Erin Somers à propos de l'écriture de « L'Affaire de dix ans » et de l'adultère millénaire

En tant qu'aînée de la génération Y, Erin Somers a tout vu : les jours prospères des « jeunes créatifs urbains » ; le règne bref et étincelant de la patronne ; l’inévitable krach qui a suivi ; et maintenant… l'ennui. « Nous sommes devenus désillusionnés par l'ambition, en particulier les femmes que je connais, car elles approchent de la cinquantaine, alors j'ai voulu explorer cela », dit l'auteur à propos de son dernier livre, Le Affaire de dix ans.

L'avatar du roman pour tout ce mal-être est Cora, une jeune maman qui essaie d'équilibrer son travail de marketing de plus en plus insatisfaisant et le la monotonie de gérer son ménage. « Il y a deux voies pour la femme moderne : l'une est de s'impliquer entièrement dans sa carrière, et l'autre est de s'insérer dans un rôle familial traditionnel. [Cora] « La liberté, telle que je la conceptualise, ne se trouve pas vraiment dans les pôles de la carrière ou de la famille. Le livre suggère que la troisième voie implique la vie intérieure, les choses sauvages et débridées qui se déroulent dans votre tête, par opposition aux gratifications extérieures.

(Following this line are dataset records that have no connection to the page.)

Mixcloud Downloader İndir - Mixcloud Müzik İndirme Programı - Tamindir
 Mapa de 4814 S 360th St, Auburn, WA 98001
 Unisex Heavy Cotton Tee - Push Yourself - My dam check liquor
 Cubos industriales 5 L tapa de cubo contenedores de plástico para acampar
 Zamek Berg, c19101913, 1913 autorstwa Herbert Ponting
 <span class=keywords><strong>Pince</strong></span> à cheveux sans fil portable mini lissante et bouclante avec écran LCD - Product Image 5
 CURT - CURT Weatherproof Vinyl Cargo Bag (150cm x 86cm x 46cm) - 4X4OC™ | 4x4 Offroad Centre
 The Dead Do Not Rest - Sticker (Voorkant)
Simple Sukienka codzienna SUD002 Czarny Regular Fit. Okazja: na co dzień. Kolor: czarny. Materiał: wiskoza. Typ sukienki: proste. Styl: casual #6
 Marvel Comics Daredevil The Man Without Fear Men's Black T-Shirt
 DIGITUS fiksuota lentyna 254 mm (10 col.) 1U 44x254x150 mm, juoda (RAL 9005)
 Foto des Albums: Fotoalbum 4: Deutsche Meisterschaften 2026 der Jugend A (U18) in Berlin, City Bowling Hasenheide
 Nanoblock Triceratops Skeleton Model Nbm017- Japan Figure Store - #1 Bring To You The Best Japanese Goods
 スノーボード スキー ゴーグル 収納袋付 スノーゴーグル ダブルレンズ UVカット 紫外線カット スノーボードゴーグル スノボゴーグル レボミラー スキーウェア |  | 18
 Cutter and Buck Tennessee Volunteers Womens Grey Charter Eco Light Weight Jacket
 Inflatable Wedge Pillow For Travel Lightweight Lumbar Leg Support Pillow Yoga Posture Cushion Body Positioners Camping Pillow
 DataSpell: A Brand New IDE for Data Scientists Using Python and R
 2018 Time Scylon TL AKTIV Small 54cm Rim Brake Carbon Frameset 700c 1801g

La vie intérieure de Cora n'est pas seulement consumée par sa propre « liaison », mais elle réfléchit également à la politique sexuelle et à la dynamique relationnelle des couples de la classe créative qui l'entourent dans la vallée de l'Hudson. (Lequel de ces hommes masculins et buveurs de bière artisanale se sentent trop émasculés par leurs femmes pour avoir des relations sexuelles avec elles ? Existe-t-il d'autres femmes qui ont materné leur partenaire au point qu'il est devenu un objet non sexuel ? se demande Cora.) Fait intéressant, avec le livre maintenant disponible dans le monde, Somers a découvert qu'un nombre surprenant de personnes veulent désormais bavarder sur ces sujets avec son. « [The novel] leur donne le droit de me parler de leurs affaires sexuelles. Ils me disent qu'ils ont triché ou qu'ils veulent me parler de la situation de leurs amis », dit Somers. « Ça n'a pas vieilli – encore

À propos de ses lectures récentes inattendues :

Je lis toujours des choses très aléatoires pour quelque chose que j'écris, comme le livre de Salman Rushdie [Quichotte] ça riffe sur don Quichotte et Pendu par Shirley Jackson. Les deux sont très agréables, mais quand les gens me demandent [what I’m reading]ils pensent que ce sera une fiction contemporaine. Ce n’est jamais exactement la réponse à laquelle les gens s’attendent.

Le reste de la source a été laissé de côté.